▶ _PROBLEM_
Retype exactly what appears below from the line containing "Yigal Azrouel Womens" down to the line containing "Piwvid Food Manual", keeping both end lines. Do not include pictures.

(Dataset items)
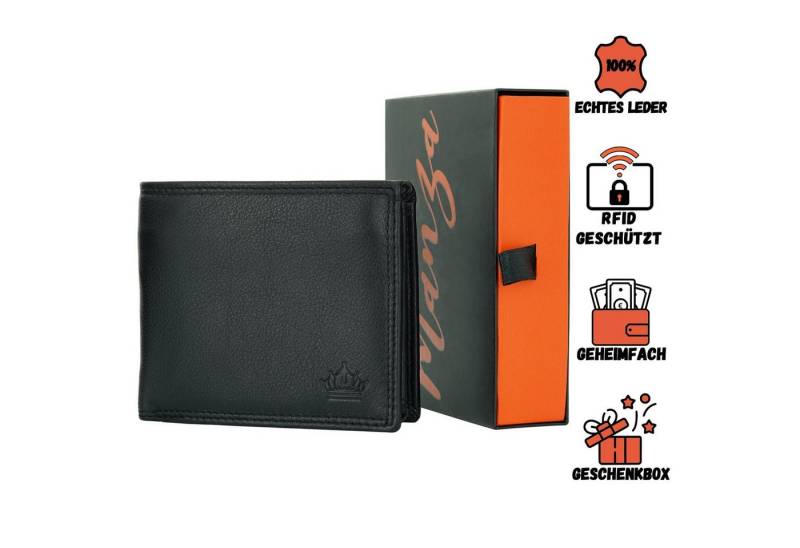 Manza Geldbörse Geldbörse Herren Schwarz mit RFID, Geheimfach und Geschenkbox, Geschenkbox, Geheimfach und RFID Blocker von Manza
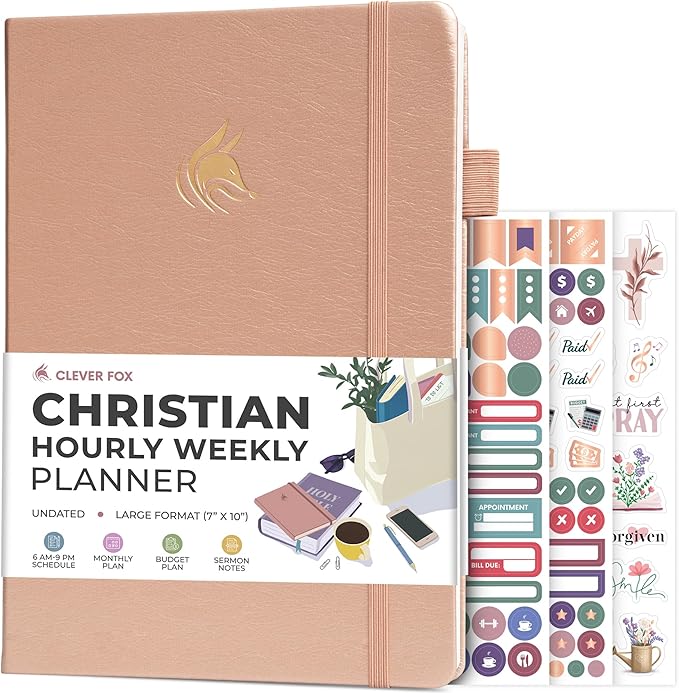 Clever Fox Christian Hourly Weekly Planner – Goal Setting Planner with Time Slots, Monthly Budget, Sermon Notes, Bible Reading Tracker (Rose Gold)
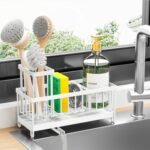 Stainless Steel Under-Sink Caddy with High Brush Holder & Soap Organizer – Rust-Resistant 304 Steel Sink Sponge Storage (White)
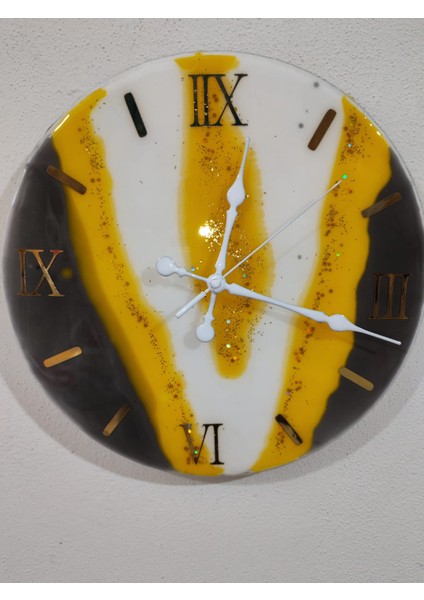 Epoksi Duvar Saati 33 cm Roma Rakamlı Altın Nehir Desenli Ultra Sessiz fırsatları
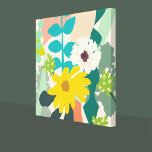 Abstract Colourful Spring Florals Modern Home Deco Canvas Print<br><div class="desc">Modern abstract colourful spring florals with pastels,  green,  yellow,  mint flowers and colour blocks. Great way to add a pop of colour to  home decor</div>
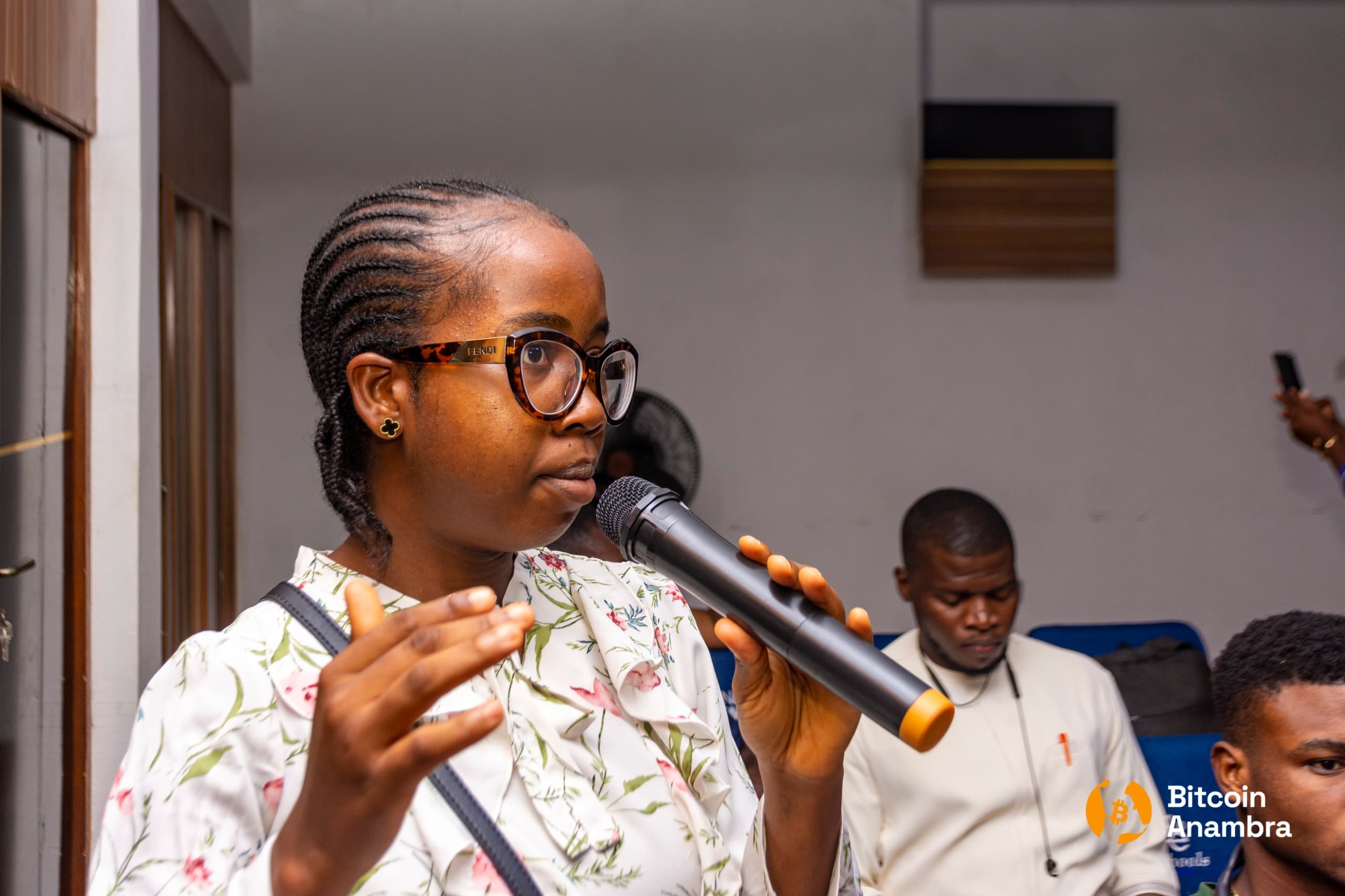 Emmanuella speaking at a conference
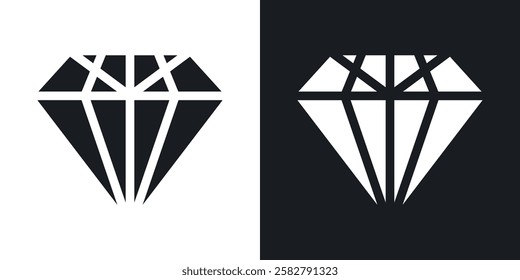 Gem icons set vectors black and colored style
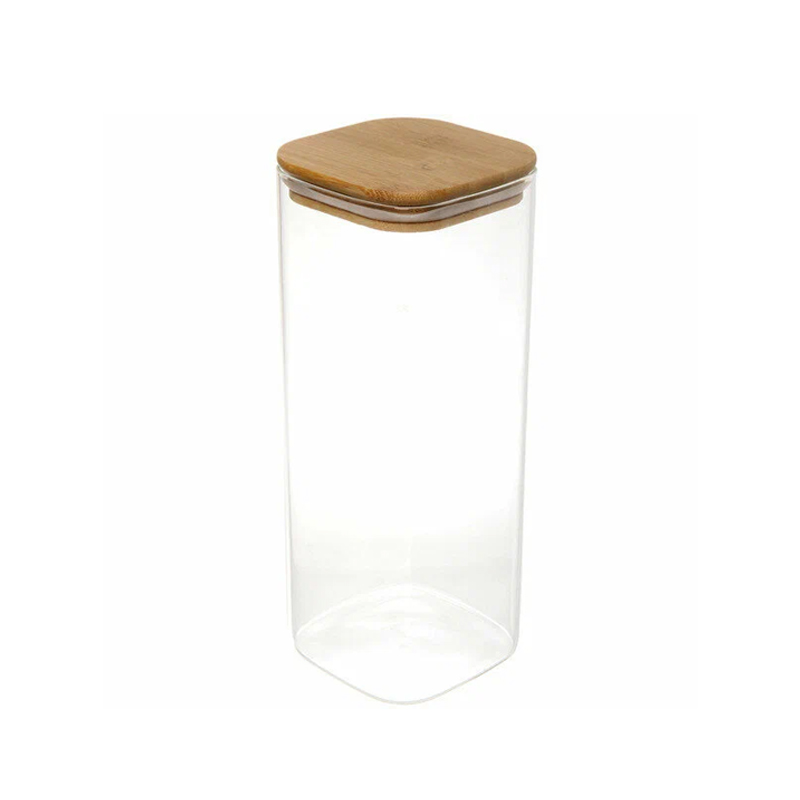 POT VERRE BOROSILICATE COUVERCLE CARRE BAMBOO 8 X 20 CM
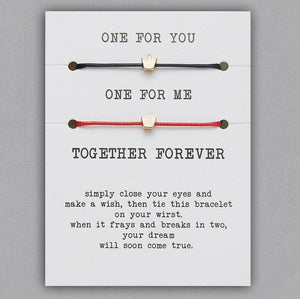 2pcs/set Together Forever Love Infinity 8 Charm Bracelet Red String Couple Bracelets Wish Jewelry Long Distance Matching Bracelets For Best Friend Mother Daughter 17-30cm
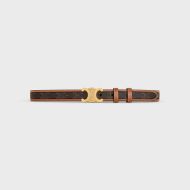 Celine Medium Triomphe Belt in Triomphe Canvas and Calfskin Brown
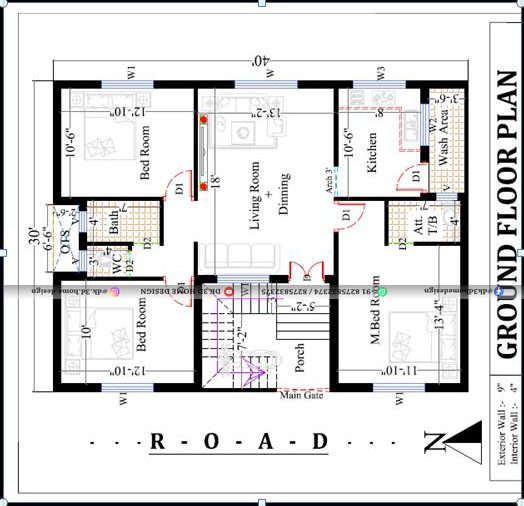 30x40 house plan|1200 Square Feet West Facing 3BHK House Plan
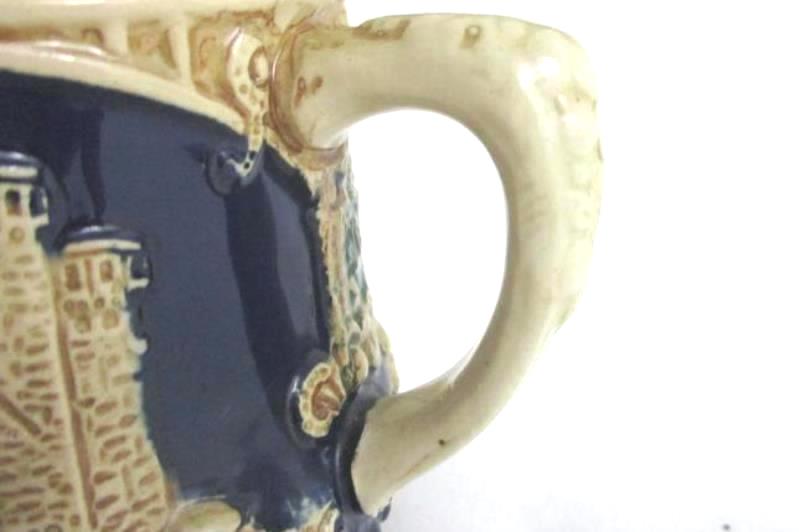 Lot of 2 Coffee Mugs Ceramic Germany Pfalz Ehrenfels Rheinstein Tan Blue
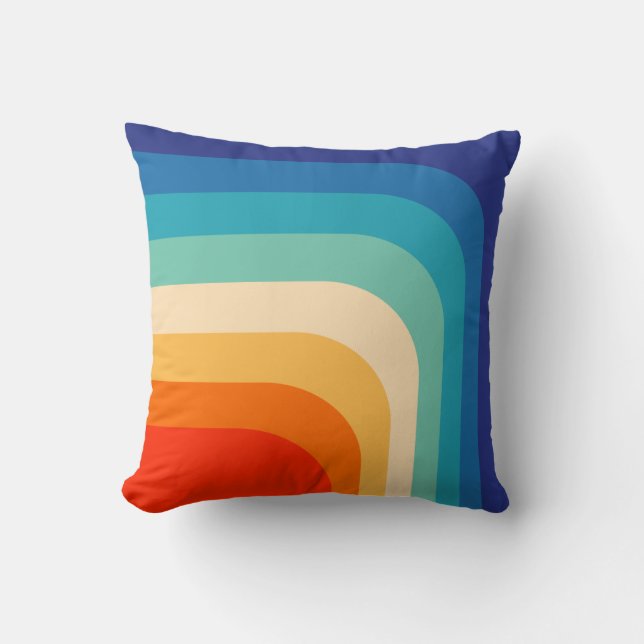 Retro 70s Color Bars Throw Pillow (Front)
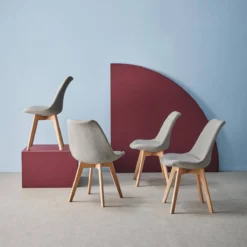 sweeek Set 4 sedie scandinave legno di faggio e bouclé strutturato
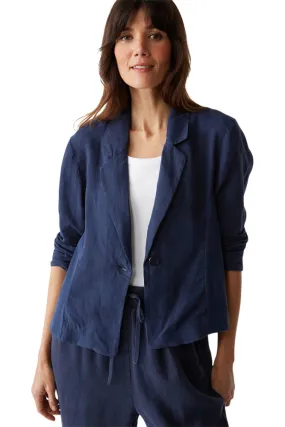 Michael Stars Pearson Linen Blazer
 in Nocturnal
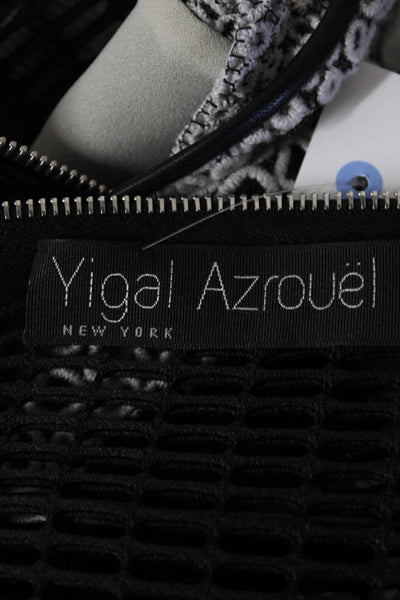 Yigal Azrouel Womens Back Zip Sleeveless Crew Neck Eyelet Top Gray Black Size 2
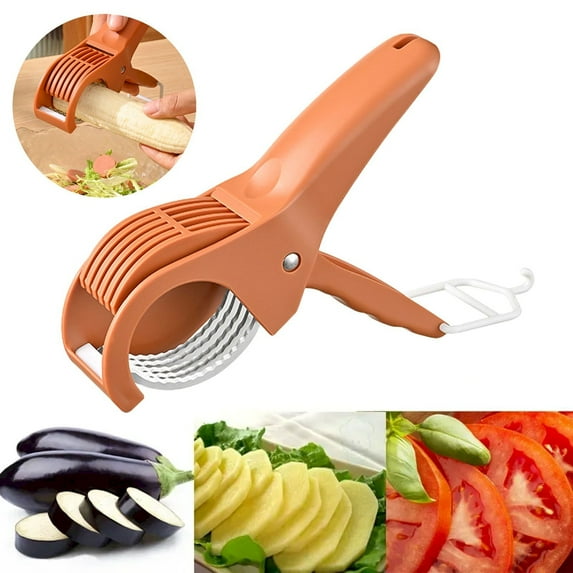 Piwvid Food Manual Slicer, Fruit Slicer with Stainless Steel Blade and Peeler, Multifunctional Banana Slicer for Even Slices, Easy to Use Kitchen Gadget for Fruits and Vegetables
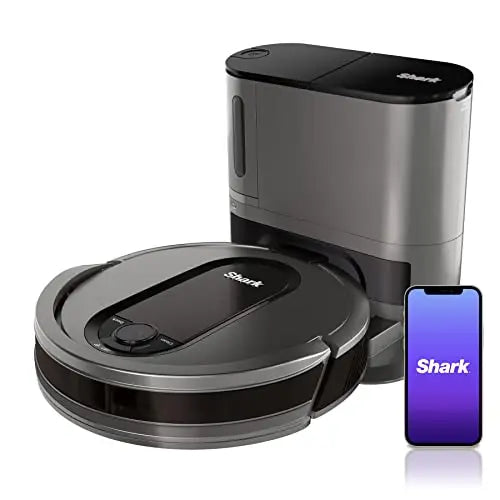 Shark AV911S EZ Wi-Fi Robot Vacuum with Self-Empty Base, Bagless, Row-by-Row Cleaning, Perfect for Pet Hair - Gray Shark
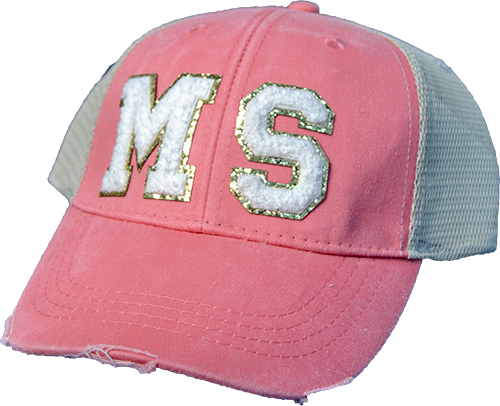 Melanie Bell Cap Trucker MS Looped Stitch Glitter Mesh Distressed Bill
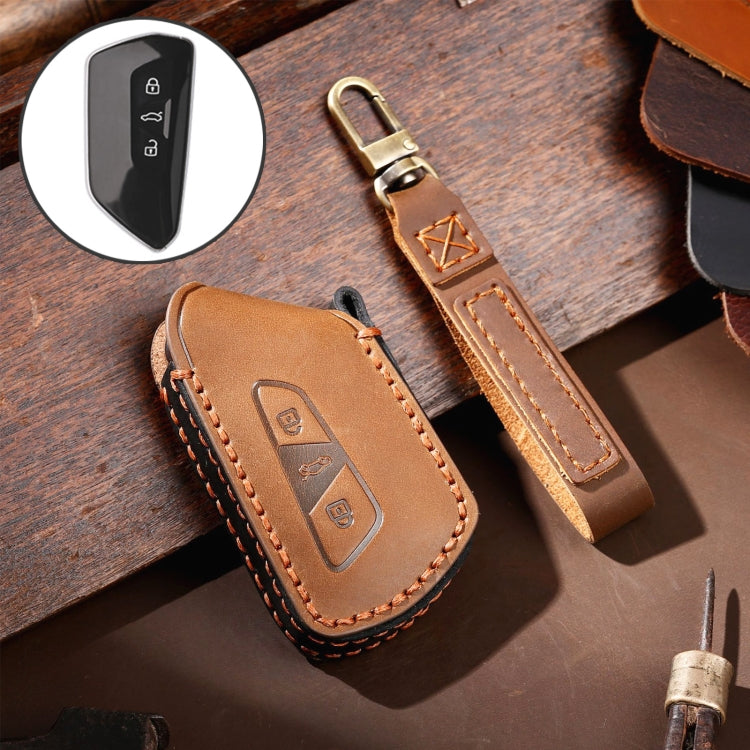 Luxurious Cowhide Leather Key Fob Cover for Volkswagen Golf 8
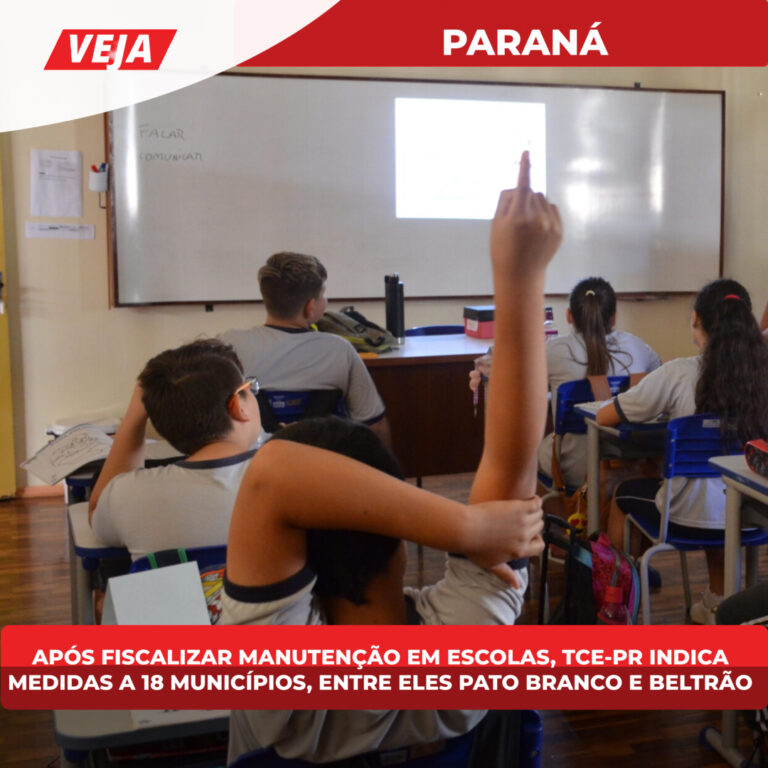 Após fiscalizar manutenção em escolas, TCE-PR indica medidas a 18 municípios, entre eles Pato Branco e Beltrão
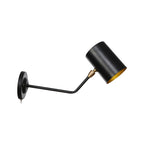 Right Angle Arm Iron Wall Light Vintage 1-Light Study Room Wall Mount Fixture in Black with Cylinder Shade, 6"/10" H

▶ _WORKED SOLUTION_
 Yigal Azrouel Womens Back Zip Sleeveless Crew Neck Eyelet Top Gray Black Size 2
 Piwvid Food Manual Slicer, Fruit Slicer with Stainless Steel Blade and Peeler, Multifunctional Banana Slicer for Even Slices, Easy to Use Kitchen Gadget for Fruits and Vegetables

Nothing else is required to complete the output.